◆ TASK INSTRUCTIONS ◆
All that should be output is the block of lines below from the line with "GÖLBAŞINDA 7 ADET" to the line with "520 1/2 E Franklin St #UPSTAIRS — Photo 8", both included, exactly as written.

◆ PROVIDED RECORDS ◆
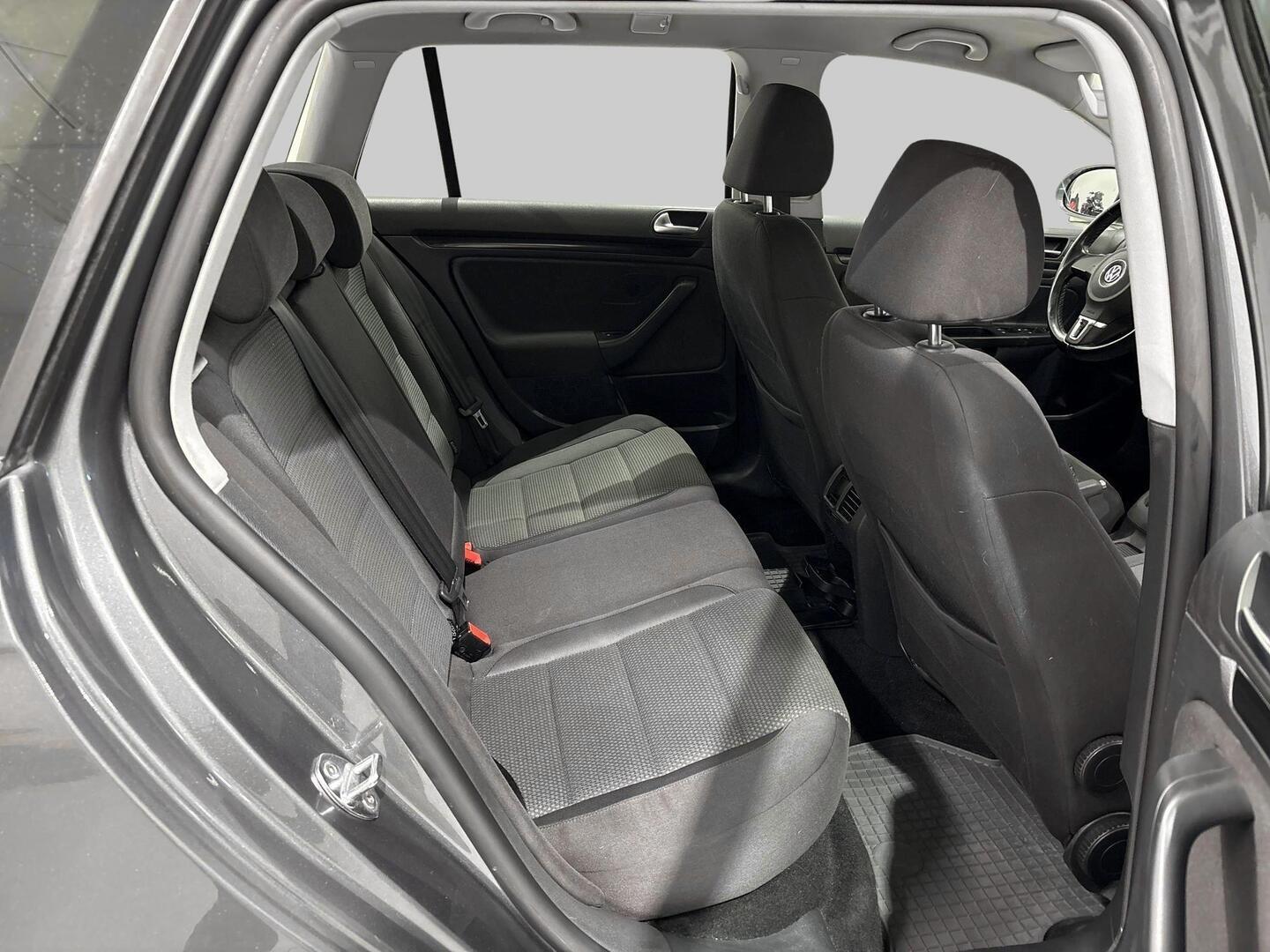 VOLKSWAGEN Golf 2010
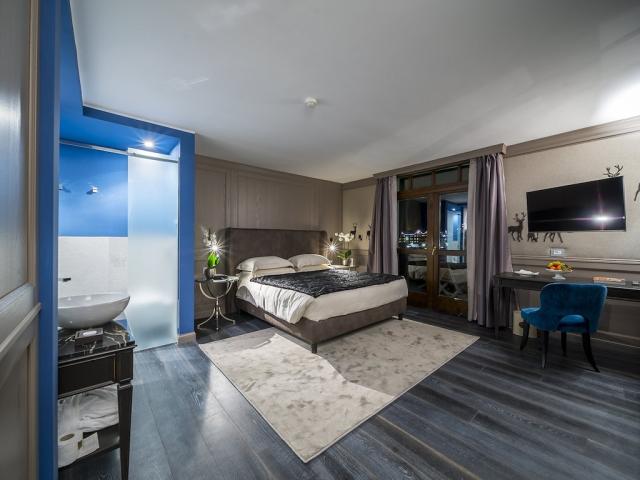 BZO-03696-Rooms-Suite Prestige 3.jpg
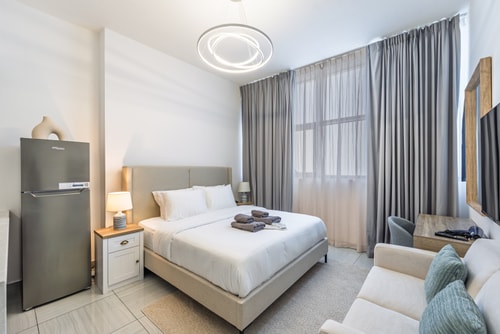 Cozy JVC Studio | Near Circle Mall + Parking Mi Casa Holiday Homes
---
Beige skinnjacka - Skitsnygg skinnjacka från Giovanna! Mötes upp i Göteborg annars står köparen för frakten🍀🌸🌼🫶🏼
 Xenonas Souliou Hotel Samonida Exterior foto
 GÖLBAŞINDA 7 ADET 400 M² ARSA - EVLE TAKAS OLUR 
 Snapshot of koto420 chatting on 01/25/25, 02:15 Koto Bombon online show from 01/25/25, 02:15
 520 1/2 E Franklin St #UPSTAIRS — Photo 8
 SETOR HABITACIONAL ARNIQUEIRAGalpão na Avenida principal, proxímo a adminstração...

◆ TASK ANSWER ◆
 GÖLBAŞINDA 7 ADET 400 M² ARSA - EVLE TAKAS OLUR 
 Snapshot of koto420 chatting on 01/25/25, 02:15 Koto Bombon online show from 01/25/25, 02:15
 520 1/2 E Franklin St #UPSTAIRS — Photo 8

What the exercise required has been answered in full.